Dr Michael Falk gives his book recommendation to mark this year’s International Women’s Day: My Brilliant Career, by Miles Franklin
There are lots of coming-of-age novels out there, but few are as energetic, rebellious and outright hilarious as Miles Franklin’s My Brilliant Career. Miles Franklin was a feisty feminist and socialist from Brindabella, a remote station in the rural hinterland of NSW. She was only a teenager when she penned My Brilliant Career, and it propelled her to instant fame in Australia, the UK and the US.
The novel charts the life of Sybylla Melvyn, an almost impossibly impulsive and stubborn heroine, who is absolutely determined that in the battle of individual and society, the individual must prevail. In many classic coming-of-age novels of the nineteenth century, the heroine learns to moderate their desires, and make some kind of peace with the world. For Sybylla (and presumably, her author), such peace is a cop-out.
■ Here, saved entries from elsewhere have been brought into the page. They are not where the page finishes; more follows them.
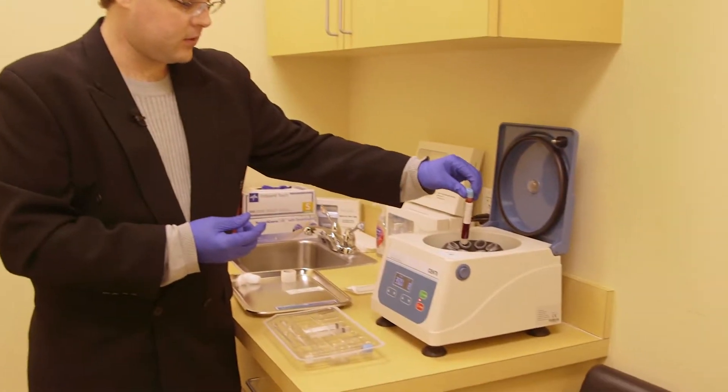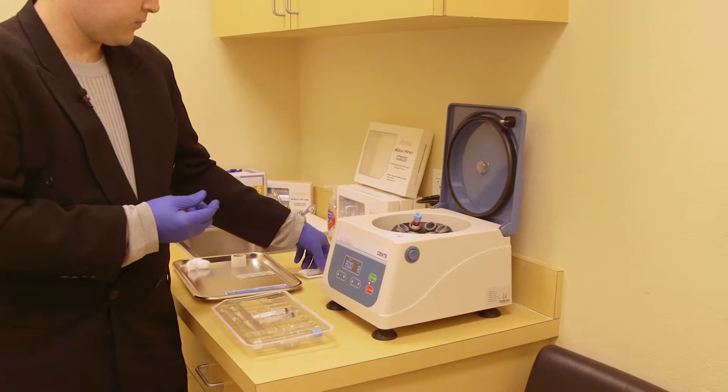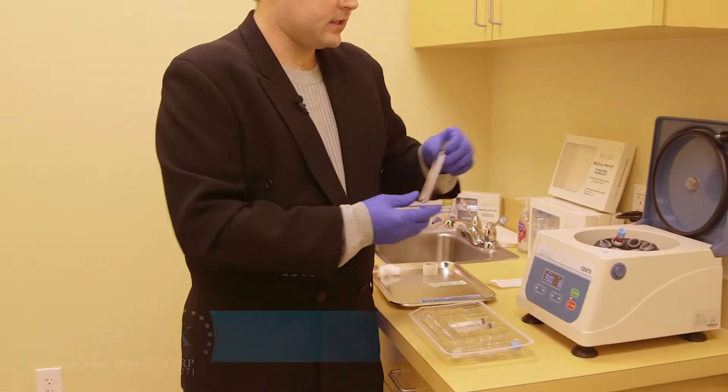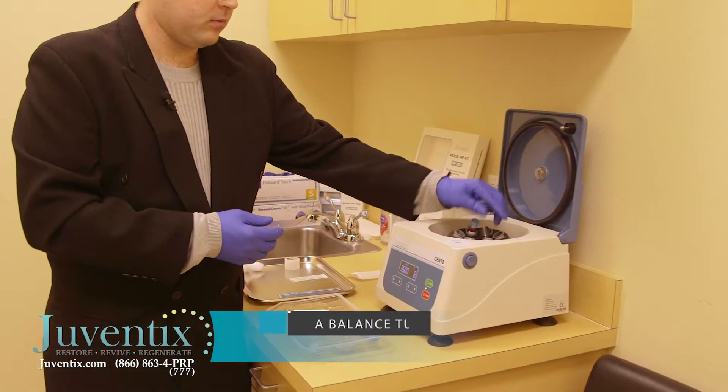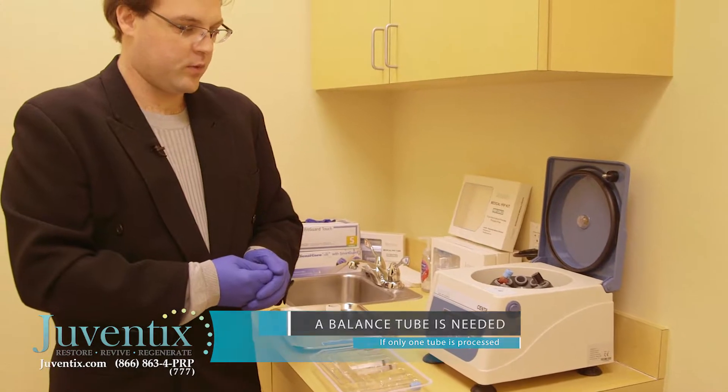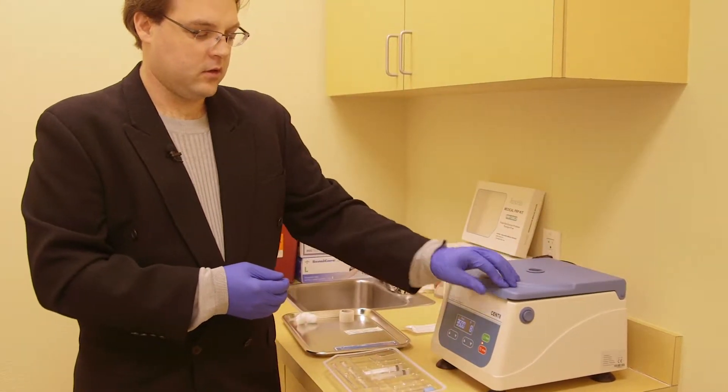Then we're going to place it into our centrifuge. We're going to take our balancing tube that we prepared earlier and place it directly across from the blood tube. This will balance the product during the centrifugation process. We're now going to process the blood for eight minutes at 3500 rpm.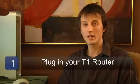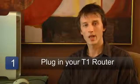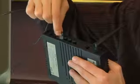The only steps you need to perform at your end is to plug the T1 router into the T1 connection, and then plug the T1 ethernet port into an ethernet port on your router or hub.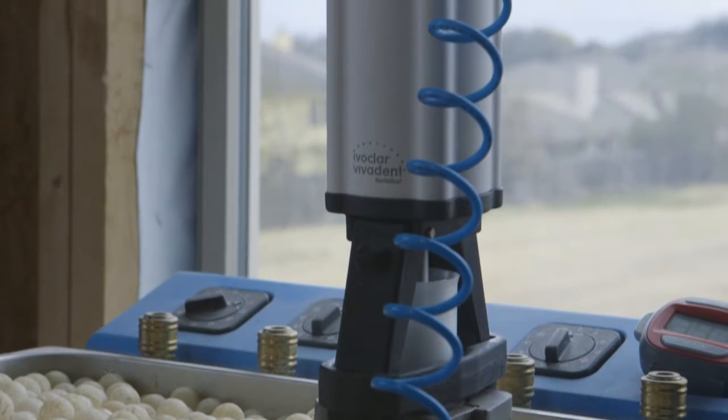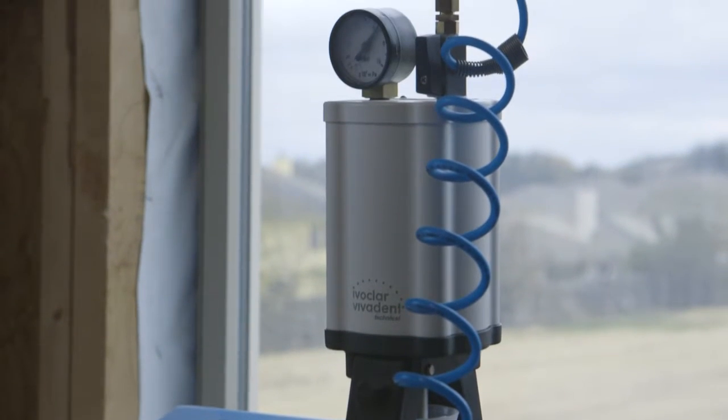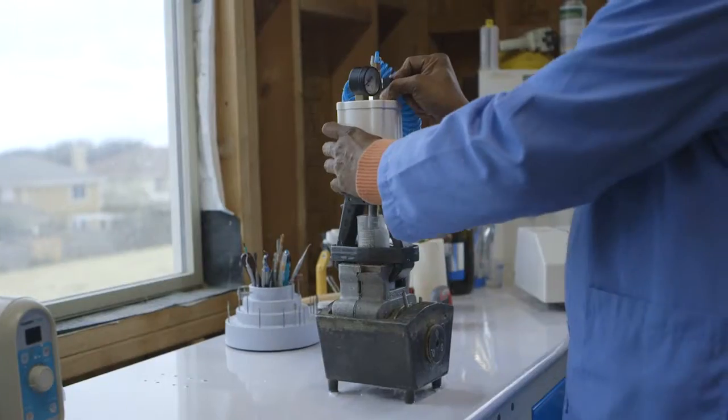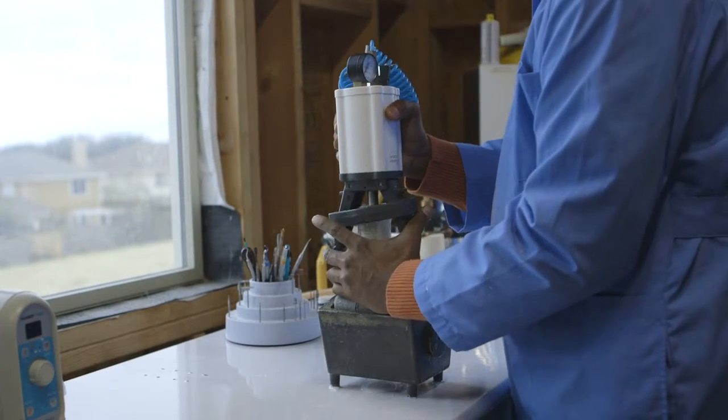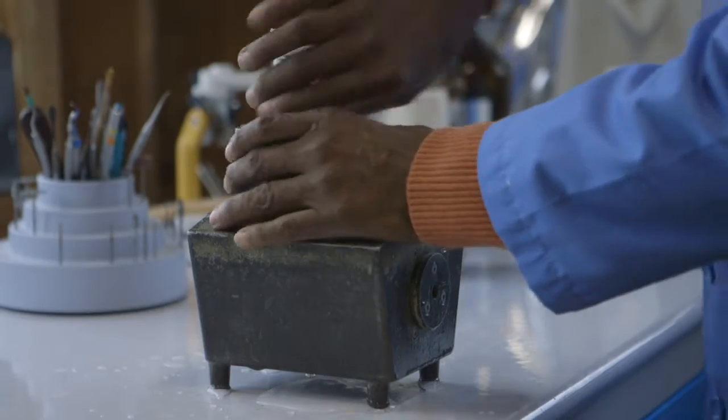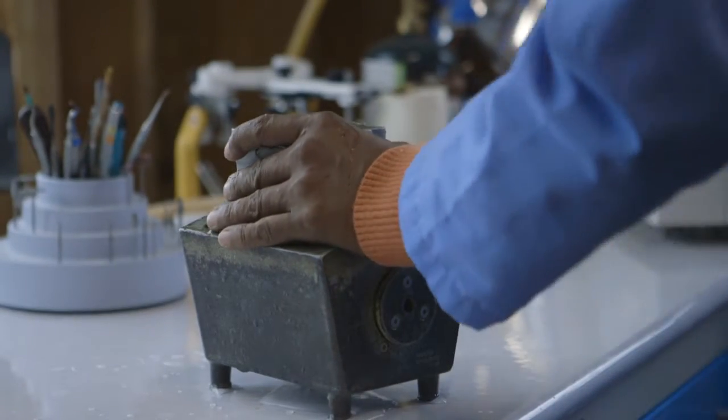The way that the denture is processed varies from laboratory to laboratory. We use some of the highest standards and highest quality techniques available. The dentures are first made into wax, and we use a beeswax that allows the patient to preview things, and we can move things in the wax. Once the patient likes the setup, we're able to process — I call it 'cook.'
She soldiers on, butting against mystified relatives, bamboozled lovers, and dull employers, till the crunch point comes and she has to decide: will she marry Harold Beecham?
Needless to say, Sybylla’s answer to that final question is as unconventional as her answers to every other.
Miles Franklin never quite lived up to My Brilliant Career. She suppressed the publication after the good burghers of Goulburn complained that she had satirised them in the book. She wrote a highly inventive, indeed somewhat postmodern sequel, My Career Goes Bung, which however wasn’t published till 1946. She trotted around the US and the UK for several decades, working as a writer, trade union secretary, activist and journalist, before returning to Australia. Like many Australians of her generation, her opinions were tainted by racism, particularly later in life.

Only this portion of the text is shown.